Loading the Apache Spark module and calling the Apache Spark interactive shell:

The following commands will load the spark/3.1.1 module and setup the Apach Spark Spack environment.

[netid@cnXX ~]$ module load spark/3.1.1
[netid@cnXX ~]$ source /gpfs/sharedfs1/admin/hpc2.0/apps/spark/3.1.1/spack/share/spack/setup-env.sh
[netid@cnXX ~]$ spack load spark
[netid@cnXX ~]$ spark-shell

The Apache Spark Shell will load but provide warning messages:

WARNING: An illegal reflective access operation has occurred
WARNING: Illegal reflective access by org.apache.spark.unsafe.Platform (file:/gpfs/sharedfs1/admin/hpc2.0/apps/spark/3.1.1/spack/opt/spack/linux-rhel8-zen2/gcc-11.3.0/spark-3.1.1-5asotiovqn6j5vhujukzig73hoajf23s/jars/spark-unsafe_2.12-3.1.1.jar) to constructor java.nio.DirectByteBuffer(long,int)
WARNING: Please consider reporting this to the maintainers of org.apache.spark.unsafe.Platform
WARNING: Use --illegal-access=warn to enable warnings of further illegal reflective access operations
WARNING: All illegal access operations will be denied in a future release
2023-12-01 10:02:32,858 WARN util.NativeCodeLoader: Unable to load native-hadoop library for your platform... using builtin-java classes where applicable
Setting default log level to "WARN".
To adjust logging level use sc.setLogLevel(newLevel). For SparkR, use setLogLevel(newLevel).
Spark context Web UI available at http://cnXX.storrs.hpc.uconn.edu:4040
Spark context available as 'sc' (master = local[*], app id = local-1701442957118).
Spark session available as 'spark'.
Welcome to
      ____              __
     / __/__  ___ _____/ /__
    _\ \/ _ \/ _ `/ __/  '_/
   /___/ .__/\_,_/_/ /_/\_\   version 3.1.1
      /_/

Using Scala version 2.12.10 (OpenJDK 64-Bit Server VM, Java 11.0.20.1)
Type in expressions to have them evaluated.
Type :help for more information.

scala>

To quit out of spark-shell:

Welcome to
      ____              __
     / __/__  ___ _____/ /__
    _\ \/ _ \/ _ `/ __/  '_/
   /___/ .__/\_,_/_/ /_/\_\   version 3.1.1
      /_/

Using Scala version 2.12.10 (OpenJDK 64-Bit Server VM, Java 11.0.20.1)
Type in expressions to have them evaluated.
Type :help for more information.

scala> :quit

Spark Shell Web Browser UI

When Spark Shell is loaded, Spark Shell will setup a Web UI context on the compute node that Spark Shell launches as.

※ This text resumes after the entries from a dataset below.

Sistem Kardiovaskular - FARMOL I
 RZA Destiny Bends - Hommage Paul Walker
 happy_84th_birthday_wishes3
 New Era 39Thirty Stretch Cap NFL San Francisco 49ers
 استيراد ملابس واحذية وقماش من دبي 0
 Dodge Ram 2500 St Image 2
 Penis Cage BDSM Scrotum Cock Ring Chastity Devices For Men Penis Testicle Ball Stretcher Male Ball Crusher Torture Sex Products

To use the Web UI, the IP address of the compute node would need to be entered as a replacement for the compute node name that Spark Shell provides.

Spark context Web UI available at http://cnXX.storrs.hpc.uconn.edu:4040

To find the IP address of the assigned compute node, a separate window/terminal session on HPC would need to be opened and the following command entered in the new terminal:

nslookup cnXX

Where XX is the compute node number.

The IP address will be provided with the 137.99.x.x format.

Copy the 137.99.x.x IP address and replace the compute node name in the above link with the IP address for the compute node.

http://IPAddressOfComputeNode.storrs.hpc.uconn.edu:4040

Once entered in a browser on the local PC, the Apache Spark UI should load and look like the following:

When the Apache Spark Shell job is finished, feel free to close the browser tab and end Apache Spark Shell mentioned in the previous section above.